• [TASK GOAL]
Without including any pictures, reproduce the full listing exactly.

• [AVAILABLE DATA]
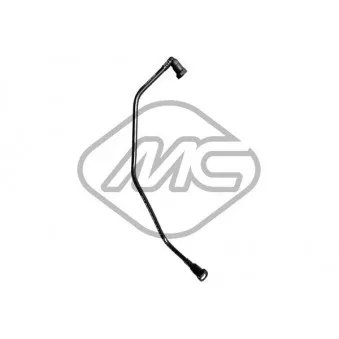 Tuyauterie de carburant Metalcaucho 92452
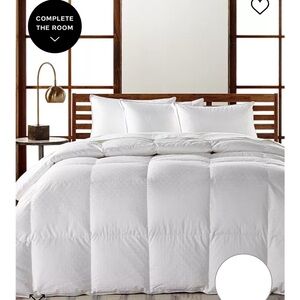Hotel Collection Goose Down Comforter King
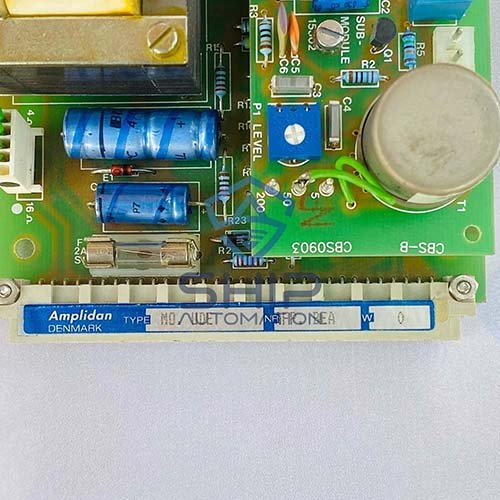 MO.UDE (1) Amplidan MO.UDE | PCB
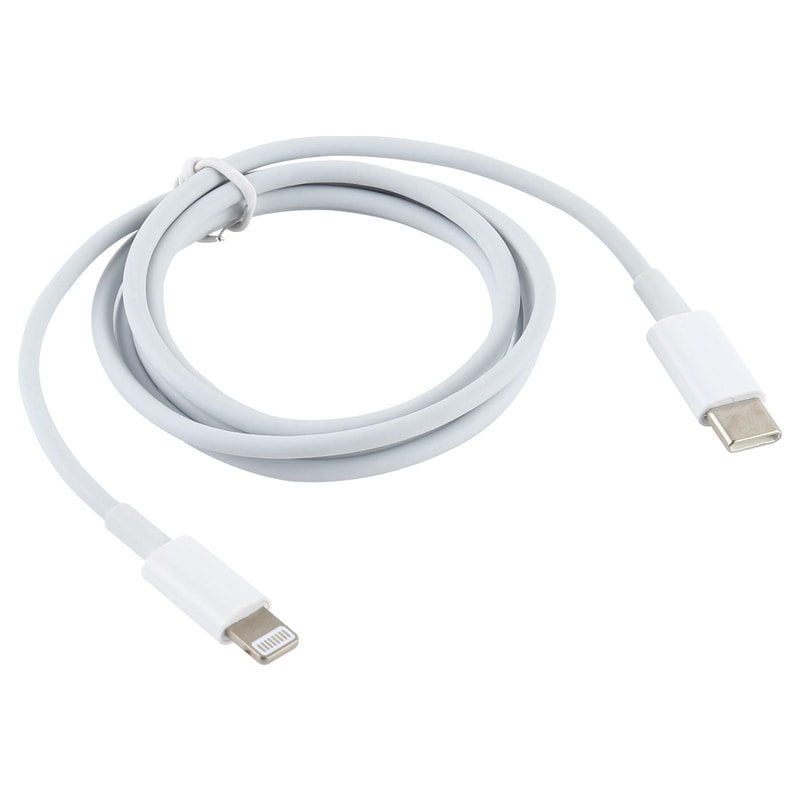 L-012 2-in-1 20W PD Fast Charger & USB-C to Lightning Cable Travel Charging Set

• [EXPECTED ANSWER]
 Tuyauterie de carburant Metalcaucho 92452
Hotel Collection Goose Down Comforter King
 MO.UDE (1) Amplidan MO.UDE | PCB
 L-012 2-in-1 20W PD Fast Charger & USB-C to Lightning Cable Travel Charging Set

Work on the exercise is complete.